New York Appellate Court Hands A Loss To Grooveshark In UMG Lawsuit
April 24, 2013 at 4:20 AM (PT)
A NEW YORK appellate court ruled YESTERDAY (4/23) that websites that had users uploading music recorded prior to 1972 are responsible for that copyright violation. The ruling stemmed from a lawsuit filed against GROOVESHARK by UNIVERSAL MUSIC GROUP. MEDIAPOST reports, "The appellate court ruled that the Digital Millennium Copyright Act's safe harbor provisions don't apply to pre-1972 sound recordings. Those safe harbors say that Web services providers aren't liable for users' infringement, as long as the online companies remove pirated material upon the content owner's request."

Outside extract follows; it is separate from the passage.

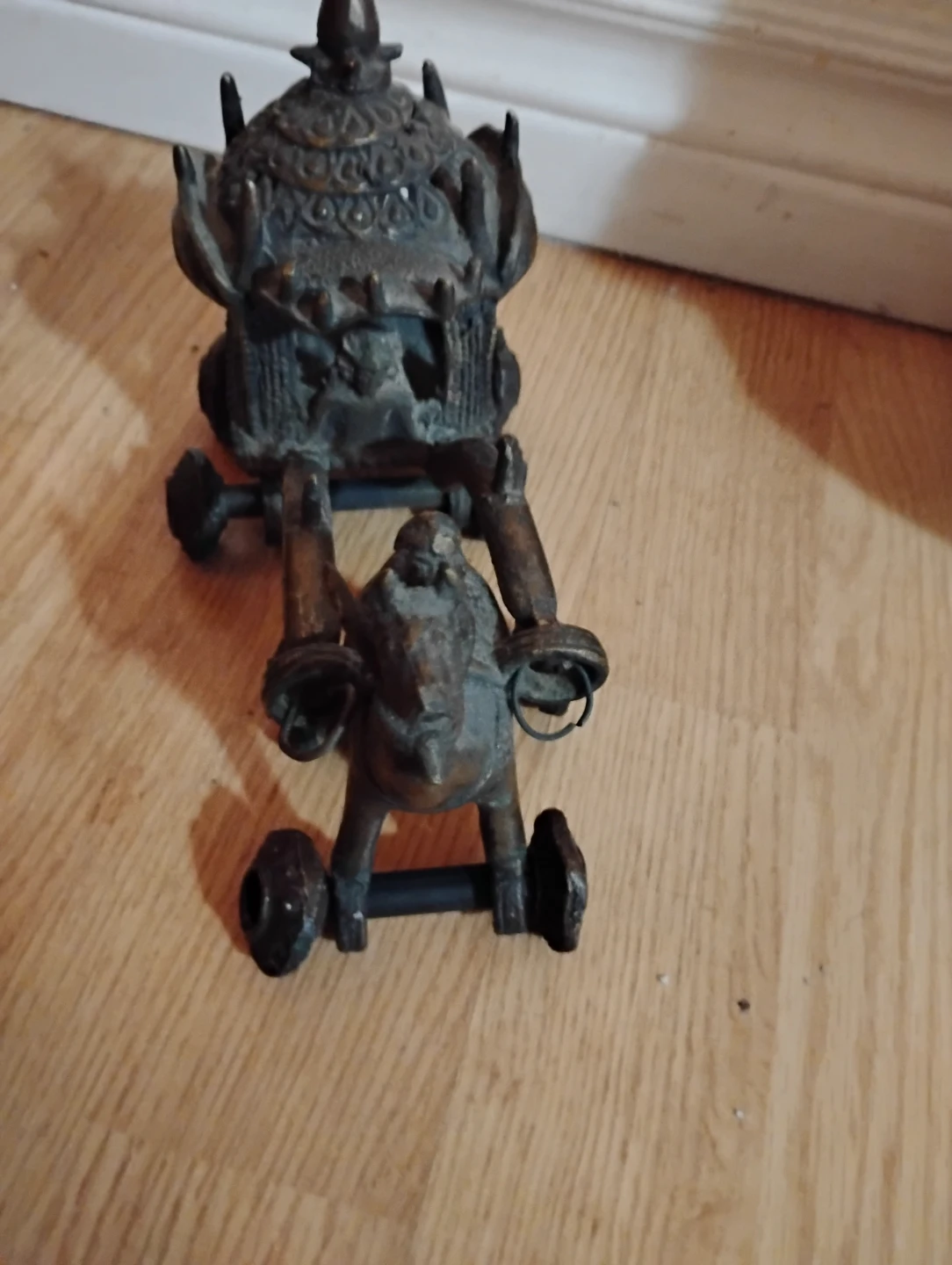 Vintage-style Metal figurine - Horse Carriage (Indian heritage) - photo 4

The appeals court came to its decision becase it felt allowing GROOVESHARK to claim the safe harbors for pre-1972 songs would limit UMG's common law rights.
"Had the DMCA never been enacted, there would be no question that UMG could sue defendant in NEW YORK STATE courts to enforce its copyright in the pre-1972 recordings, as soon as it learned that one of the recordings had been posted on GROOVESHARK," the court wrote.
MEDIAPOST notes, "The judges discounted GROOVESHARK's contention that Congress didn't intend to require Web services to police sites for infringement by users."
"We reject defendant’s argument that the very purpose of the DMCA will be thwarted if it is deemed not to apply to the pre-1972 recordings," the court wrote.